When you reach the line containing "Single-story house with", stop after it; until then, copy each line of the listing exactly, starting with the first.

[[ Data in this exercise, beginning ]]

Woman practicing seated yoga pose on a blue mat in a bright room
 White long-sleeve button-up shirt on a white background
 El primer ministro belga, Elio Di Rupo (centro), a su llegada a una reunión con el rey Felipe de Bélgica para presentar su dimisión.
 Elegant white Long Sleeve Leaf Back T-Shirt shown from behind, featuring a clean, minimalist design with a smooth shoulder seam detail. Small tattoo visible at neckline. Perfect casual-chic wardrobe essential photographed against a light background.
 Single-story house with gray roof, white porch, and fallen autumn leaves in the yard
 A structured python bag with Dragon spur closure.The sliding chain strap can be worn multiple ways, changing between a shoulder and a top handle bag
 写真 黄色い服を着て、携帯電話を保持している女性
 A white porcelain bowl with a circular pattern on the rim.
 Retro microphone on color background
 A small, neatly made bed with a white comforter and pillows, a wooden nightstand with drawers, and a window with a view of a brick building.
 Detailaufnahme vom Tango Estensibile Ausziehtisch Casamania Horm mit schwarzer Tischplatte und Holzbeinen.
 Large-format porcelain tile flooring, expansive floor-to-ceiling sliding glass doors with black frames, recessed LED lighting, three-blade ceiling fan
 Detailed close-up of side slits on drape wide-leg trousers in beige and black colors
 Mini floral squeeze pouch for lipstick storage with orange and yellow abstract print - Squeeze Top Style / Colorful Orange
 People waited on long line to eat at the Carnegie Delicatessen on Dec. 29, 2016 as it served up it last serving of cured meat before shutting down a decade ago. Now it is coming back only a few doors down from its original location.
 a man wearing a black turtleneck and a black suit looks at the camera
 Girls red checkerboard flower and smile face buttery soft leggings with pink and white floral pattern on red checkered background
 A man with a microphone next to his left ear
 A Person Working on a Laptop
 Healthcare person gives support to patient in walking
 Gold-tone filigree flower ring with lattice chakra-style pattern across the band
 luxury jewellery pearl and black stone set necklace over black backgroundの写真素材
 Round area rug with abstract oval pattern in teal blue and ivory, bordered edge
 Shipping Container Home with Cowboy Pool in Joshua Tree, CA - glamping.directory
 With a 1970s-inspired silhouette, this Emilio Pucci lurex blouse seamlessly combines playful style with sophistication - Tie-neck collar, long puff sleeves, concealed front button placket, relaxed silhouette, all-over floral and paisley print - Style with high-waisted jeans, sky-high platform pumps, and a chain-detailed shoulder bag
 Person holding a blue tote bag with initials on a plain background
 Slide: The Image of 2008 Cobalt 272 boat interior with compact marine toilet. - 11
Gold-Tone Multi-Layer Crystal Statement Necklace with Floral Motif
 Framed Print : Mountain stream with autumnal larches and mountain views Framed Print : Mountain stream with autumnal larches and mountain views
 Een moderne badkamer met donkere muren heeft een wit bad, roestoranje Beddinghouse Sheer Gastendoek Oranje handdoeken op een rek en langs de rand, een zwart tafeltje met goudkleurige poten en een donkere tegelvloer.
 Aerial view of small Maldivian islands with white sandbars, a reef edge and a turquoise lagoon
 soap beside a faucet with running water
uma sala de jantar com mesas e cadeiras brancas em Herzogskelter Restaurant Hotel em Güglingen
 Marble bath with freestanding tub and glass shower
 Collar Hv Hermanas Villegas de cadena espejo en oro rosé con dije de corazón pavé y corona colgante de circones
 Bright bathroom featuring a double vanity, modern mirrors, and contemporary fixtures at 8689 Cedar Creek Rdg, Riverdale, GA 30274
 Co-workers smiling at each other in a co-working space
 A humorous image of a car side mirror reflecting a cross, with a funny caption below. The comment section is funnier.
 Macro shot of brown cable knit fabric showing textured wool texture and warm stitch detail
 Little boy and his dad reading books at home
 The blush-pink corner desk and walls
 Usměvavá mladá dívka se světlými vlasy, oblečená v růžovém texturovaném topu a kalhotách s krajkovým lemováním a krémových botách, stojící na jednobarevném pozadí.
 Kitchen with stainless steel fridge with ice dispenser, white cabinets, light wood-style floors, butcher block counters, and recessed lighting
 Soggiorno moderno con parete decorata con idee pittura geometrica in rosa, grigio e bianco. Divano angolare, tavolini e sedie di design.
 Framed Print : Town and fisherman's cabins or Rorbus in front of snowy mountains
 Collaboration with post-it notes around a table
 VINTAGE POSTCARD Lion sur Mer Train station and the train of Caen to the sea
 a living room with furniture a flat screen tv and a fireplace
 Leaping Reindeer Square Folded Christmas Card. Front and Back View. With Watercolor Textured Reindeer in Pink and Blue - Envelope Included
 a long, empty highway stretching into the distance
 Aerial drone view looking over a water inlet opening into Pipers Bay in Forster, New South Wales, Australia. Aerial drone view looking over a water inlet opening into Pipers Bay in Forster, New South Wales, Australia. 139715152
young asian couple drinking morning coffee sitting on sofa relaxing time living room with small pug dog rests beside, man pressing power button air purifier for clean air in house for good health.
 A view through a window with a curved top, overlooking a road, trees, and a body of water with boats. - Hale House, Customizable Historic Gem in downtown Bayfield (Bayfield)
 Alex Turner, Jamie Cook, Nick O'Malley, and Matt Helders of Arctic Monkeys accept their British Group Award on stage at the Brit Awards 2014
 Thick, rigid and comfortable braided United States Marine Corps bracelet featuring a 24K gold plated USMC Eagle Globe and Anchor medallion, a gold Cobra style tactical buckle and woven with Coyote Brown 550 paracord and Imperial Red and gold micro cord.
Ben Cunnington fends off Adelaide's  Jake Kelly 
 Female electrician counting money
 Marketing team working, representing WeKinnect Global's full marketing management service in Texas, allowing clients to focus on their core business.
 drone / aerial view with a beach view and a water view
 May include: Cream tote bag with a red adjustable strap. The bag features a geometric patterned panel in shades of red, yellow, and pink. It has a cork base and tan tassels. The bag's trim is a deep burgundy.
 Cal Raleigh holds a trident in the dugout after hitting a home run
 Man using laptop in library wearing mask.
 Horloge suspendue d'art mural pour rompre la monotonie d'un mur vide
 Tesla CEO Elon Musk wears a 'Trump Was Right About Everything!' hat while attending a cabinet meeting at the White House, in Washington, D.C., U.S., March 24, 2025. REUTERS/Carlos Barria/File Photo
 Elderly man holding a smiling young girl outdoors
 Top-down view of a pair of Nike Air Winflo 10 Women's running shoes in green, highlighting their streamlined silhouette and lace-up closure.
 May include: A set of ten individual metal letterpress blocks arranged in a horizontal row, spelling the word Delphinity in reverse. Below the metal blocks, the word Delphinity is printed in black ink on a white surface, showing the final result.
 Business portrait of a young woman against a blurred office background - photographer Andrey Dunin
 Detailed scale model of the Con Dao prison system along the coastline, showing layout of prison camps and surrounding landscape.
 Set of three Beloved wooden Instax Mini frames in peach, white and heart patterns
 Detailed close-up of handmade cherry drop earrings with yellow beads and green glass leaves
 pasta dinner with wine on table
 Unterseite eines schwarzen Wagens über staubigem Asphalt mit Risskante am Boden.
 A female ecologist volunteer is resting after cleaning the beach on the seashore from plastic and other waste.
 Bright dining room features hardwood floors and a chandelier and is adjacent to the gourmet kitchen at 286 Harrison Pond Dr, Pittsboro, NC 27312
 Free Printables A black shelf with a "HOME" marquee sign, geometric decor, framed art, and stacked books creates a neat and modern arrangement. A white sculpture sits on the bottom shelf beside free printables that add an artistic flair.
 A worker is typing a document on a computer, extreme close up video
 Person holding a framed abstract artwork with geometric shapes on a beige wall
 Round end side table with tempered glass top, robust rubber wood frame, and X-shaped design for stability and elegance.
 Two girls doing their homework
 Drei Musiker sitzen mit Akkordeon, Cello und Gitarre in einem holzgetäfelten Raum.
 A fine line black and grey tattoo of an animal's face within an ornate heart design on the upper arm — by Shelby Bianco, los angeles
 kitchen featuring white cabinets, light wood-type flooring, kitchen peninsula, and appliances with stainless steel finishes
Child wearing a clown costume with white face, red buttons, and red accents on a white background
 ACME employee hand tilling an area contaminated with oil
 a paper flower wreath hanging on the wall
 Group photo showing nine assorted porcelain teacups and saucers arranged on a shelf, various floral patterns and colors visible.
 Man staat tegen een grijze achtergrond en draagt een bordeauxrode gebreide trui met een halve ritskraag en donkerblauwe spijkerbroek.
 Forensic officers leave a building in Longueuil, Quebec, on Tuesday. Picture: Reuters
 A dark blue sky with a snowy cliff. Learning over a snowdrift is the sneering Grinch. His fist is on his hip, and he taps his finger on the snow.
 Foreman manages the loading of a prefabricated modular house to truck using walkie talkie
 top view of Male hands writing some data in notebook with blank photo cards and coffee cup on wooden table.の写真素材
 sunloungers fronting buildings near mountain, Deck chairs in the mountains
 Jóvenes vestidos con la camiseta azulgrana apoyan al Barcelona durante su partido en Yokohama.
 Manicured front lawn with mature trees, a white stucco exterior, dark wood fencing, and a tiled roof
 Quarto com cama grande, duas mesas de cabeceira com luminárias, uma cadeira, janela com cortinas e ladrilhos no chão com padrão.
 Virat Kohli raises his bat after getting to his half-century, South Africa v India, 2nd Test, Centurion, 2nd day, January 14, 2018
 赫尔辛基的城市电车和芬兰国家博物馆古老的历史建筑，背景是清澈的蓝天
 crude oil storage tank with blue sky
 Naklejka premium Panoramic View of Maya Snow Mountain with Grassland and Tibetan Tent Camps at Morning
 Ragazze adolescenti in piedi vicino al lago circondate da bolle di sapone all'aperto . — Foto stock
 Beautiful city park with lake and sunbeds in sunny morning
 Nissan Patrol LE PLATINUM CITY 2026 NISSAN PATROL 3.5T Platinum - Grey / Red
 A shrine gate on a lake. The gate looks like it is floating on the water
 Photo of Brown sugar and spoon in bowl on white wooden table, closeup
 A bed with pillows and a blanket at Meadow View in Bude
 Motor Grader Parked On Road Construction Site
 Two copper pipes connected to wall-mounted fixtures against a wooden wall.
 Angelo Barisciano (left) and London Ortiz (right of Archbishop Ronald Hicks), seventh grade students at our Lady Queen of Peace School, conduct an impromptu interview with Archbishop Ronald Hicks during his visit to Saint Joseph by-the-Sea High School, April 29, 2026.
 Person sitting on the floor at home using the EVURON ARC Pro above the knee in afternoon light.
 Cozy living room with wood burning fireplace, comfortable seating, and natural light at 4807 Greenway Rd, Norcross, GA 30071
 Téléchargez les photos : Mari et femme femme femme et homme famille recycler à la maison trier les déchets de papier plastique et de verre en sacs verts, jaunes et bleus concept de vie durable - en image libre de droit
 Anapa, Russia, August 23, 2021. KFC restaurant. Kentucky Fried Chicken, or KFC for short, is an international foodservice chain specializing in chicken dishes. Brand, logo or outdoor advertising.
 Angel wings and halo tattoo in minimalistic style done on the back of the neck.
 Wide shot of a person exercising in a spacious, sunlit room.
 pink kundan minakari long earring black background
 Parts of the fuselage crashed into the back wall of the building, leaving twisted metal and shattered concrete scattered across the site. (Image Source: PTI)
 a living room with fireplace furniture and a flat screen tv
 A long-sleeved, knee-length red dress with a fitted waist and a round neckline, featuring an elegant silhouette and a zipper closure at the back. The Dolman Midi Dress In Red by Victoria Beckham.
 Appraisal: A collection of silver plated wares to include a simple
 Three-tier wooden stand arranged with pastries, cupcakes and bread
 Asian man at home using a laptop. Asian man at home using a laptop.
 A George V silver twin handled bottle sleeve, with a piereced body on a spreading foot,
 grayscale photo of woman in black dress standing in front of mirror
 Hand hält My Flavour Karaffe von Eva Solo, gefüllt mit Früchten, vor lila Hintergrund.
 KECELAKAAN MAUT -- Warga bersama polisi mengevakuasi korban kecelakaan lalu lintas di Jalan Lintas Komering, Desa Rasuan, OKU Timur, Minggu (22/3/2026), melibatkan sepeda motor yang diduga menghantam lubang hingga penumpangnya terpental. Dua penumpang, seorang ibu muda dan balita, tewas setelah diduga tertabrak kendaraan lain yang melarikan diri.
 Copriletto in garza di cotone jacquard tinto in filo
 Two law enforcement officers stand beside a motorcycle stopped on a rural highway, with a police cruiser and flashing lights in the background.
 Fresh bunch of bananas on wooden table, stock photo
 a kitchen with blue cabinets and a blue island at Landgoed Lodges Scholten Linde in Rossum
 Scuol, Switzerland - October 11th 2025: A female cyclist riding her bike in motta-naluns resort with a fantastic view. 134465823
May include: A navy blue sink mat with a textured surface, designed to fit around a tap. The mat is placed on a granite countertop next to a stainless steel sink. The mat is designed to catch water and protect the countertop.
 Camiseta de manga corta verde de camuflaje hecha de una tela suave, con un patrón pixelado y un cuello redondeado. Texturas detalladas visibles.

[[ Data in this exercise, end ]]

*Reply to the exercise:*
Woman practicing seated yoga pose on a blue mat in a bright room
 White long-sleeve button-up shirt on a white background
 El primer ministro belga, Elio Di Rupo (centro), a su llegada a una reunión con el rey Felipe de Bélgica para presentar su dimisión.
 Elegant white Long Sleeve Leaf Back T-Shirt shown from behind, featuring a clean, minimalist design with a smooth shoulder seam detail. Small tattoo visible at neckline. Perfect casual-chic wardrobe essential photographed against a light background.
 Single-story house with gray roof, white porch, and fallen autumn leaves in the yard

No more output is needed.